Seres que vêm de nós.

Comem de nós. Penduram nas nossas tetas.

E as pessoas criam, desejando o melhor, só o melhor, mais que o melhor, se algo assim tão incrível houver.

Não tive nenhum. Nem por querer, nem sem querer.

Já pensei, um dia, que um viria. Não veio. Nem vieram. Nada que um teste de farmácia não desse acalento na alma, depois do não, da certeza do não, da calma do não, do ufa do não. “Ufa”, aliás, é tudo que eu consigo pensar até esse quarto parágrafo de um texto que fala sobre seres pendurados nas minhas tetas pela eternidade.

A verdade é que filhos são seres egoístas. Eu sou filha, eu sei. Só querem, só pedem, só exigem e não dão nada em troca antes de você ter completado 78 anos de idade.

A mulher que assume o compromisso de parir, por isso tudo, para mim, é uma diva.
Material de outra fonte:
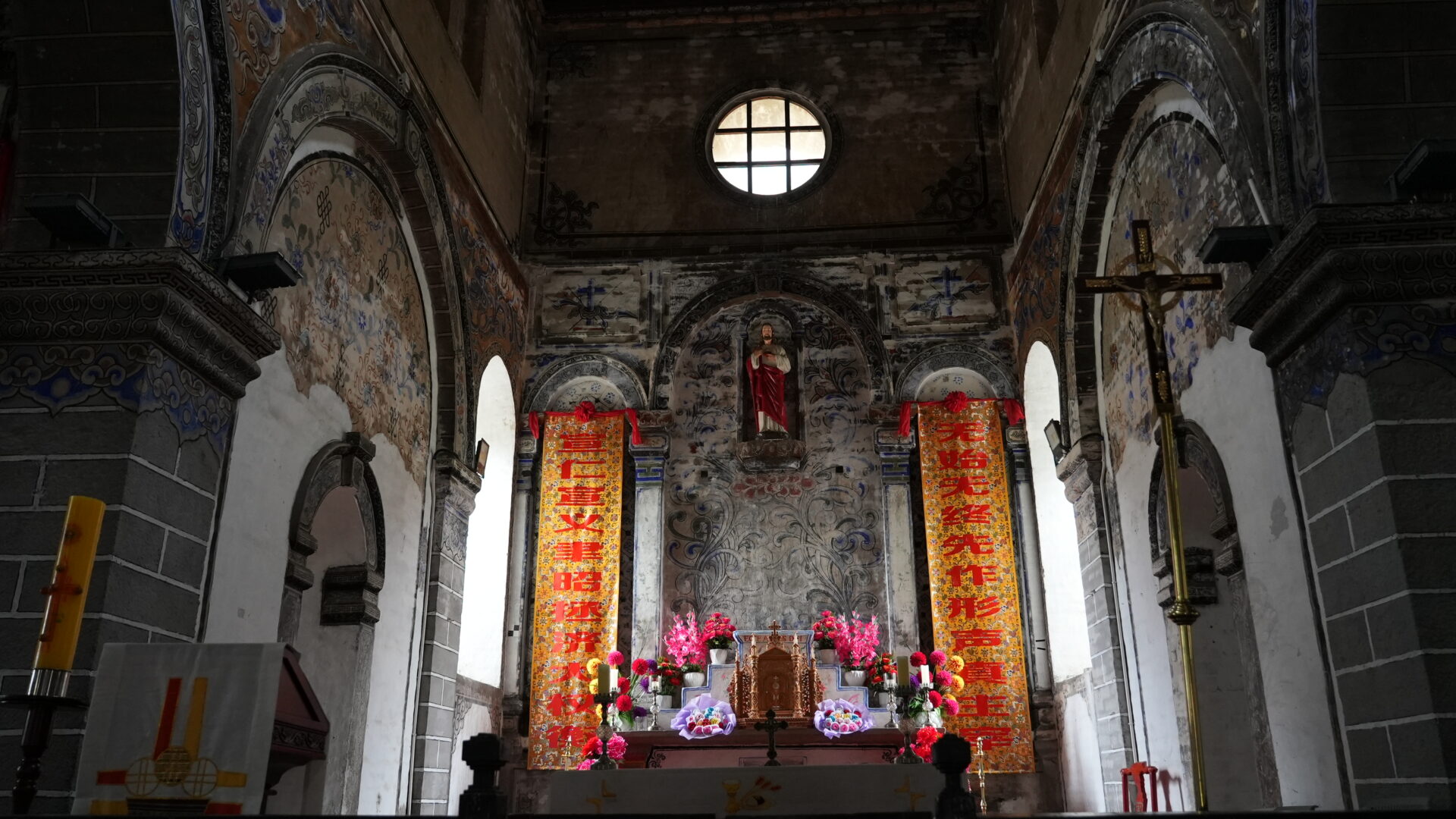 Cizhong — Tibetan Catholics and a French Vineyard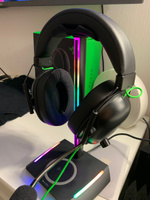 Держатель подставка для наушников New Bee Z12 с RGB подсветкой и беспроводной зарядкой #1, Виталий М.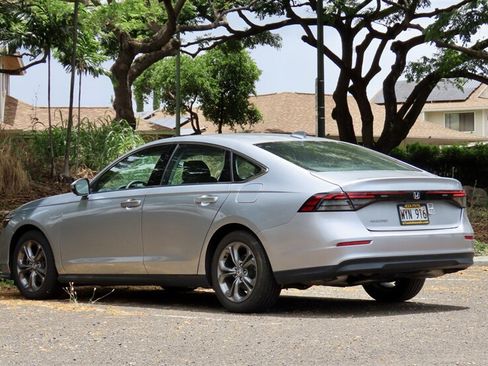 Used 2024 Honda Accord EX image 7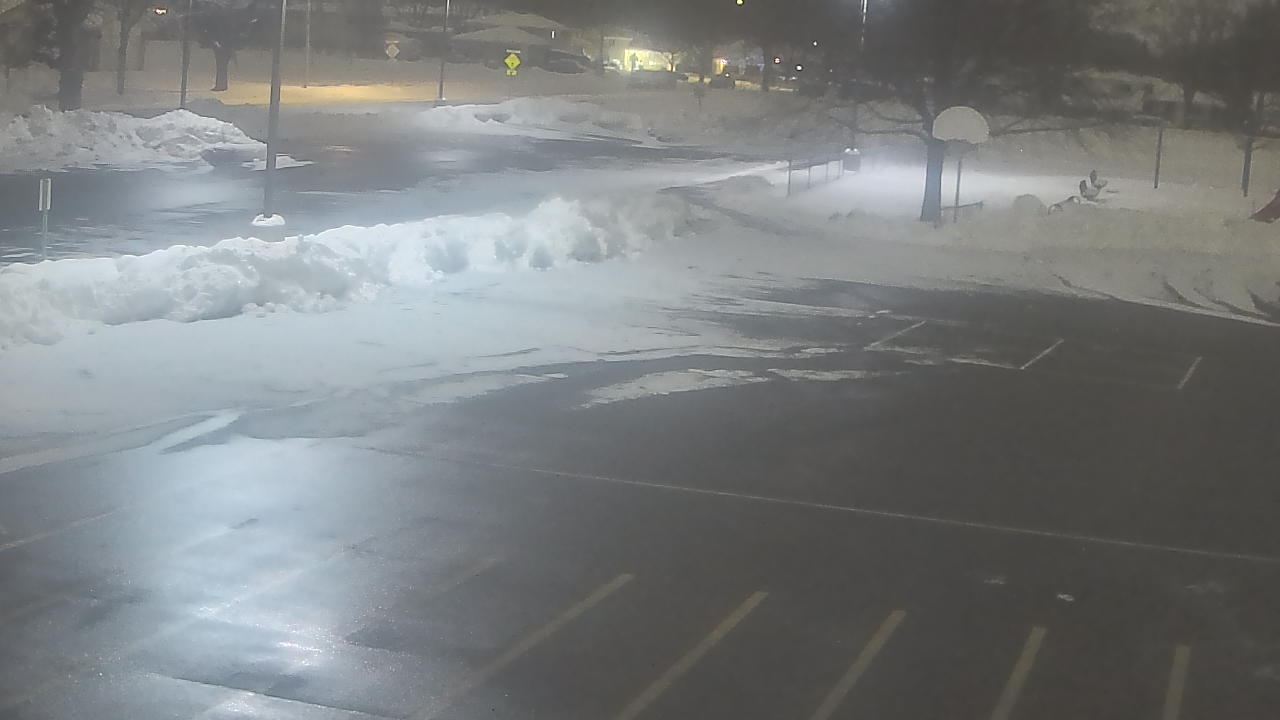 Thumbnail for current weather camera view from Terrace Elementary School in Des Plaines, Illinois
Primeiro porque fica cerca de 15 meses sem beber, sem comer um cheddar Mc Melt, sem pintar os cabelos e com uma certa implicância hormonal do homem que a inseminou, coitado dele, num ato de solidariedade masculina inevitável. A mulher que pare, a meu ver, é uma deusa do Olimpo eterno. Um ser sublime que consegue compreender o amor antes mesmo de ele existir, e capacidade maior de abstração, creio eu, não deve haver.

Tiram o sono, fazem cair as tetas, o períneo, dão olheiras e cagam em literalmente tudo que você tem na sua vida.

Aí penso na bruxa de João e Maria, por exemplo. Penso em quão mal compreendida essa mulher das fábulas é. A mulher constrói uma casa dos sonhos, linda, doce e aconchegante e os dois fedelhos chegam lá, sem serem convidados, e começam a comer as paredes, a foder com tudo, o que mais se esperar dessa mulher que não que ela os prendessem num calabouço para ensinar-lhes boas maneiras e respeito ao que é do outro? Coisa que pouca mãe faz. Afinal, mãe é mãe, não é bruxa, dizem.

O filho tem sua cara, seu jeito, mas não é você. O filho sai do seu útero, sai sem falar, sem andar, sem respirar, ou pelo menos é assim que toda mãe pensa, eu vejo, quando passa a noite insone e sem vinho observando o ser no berço.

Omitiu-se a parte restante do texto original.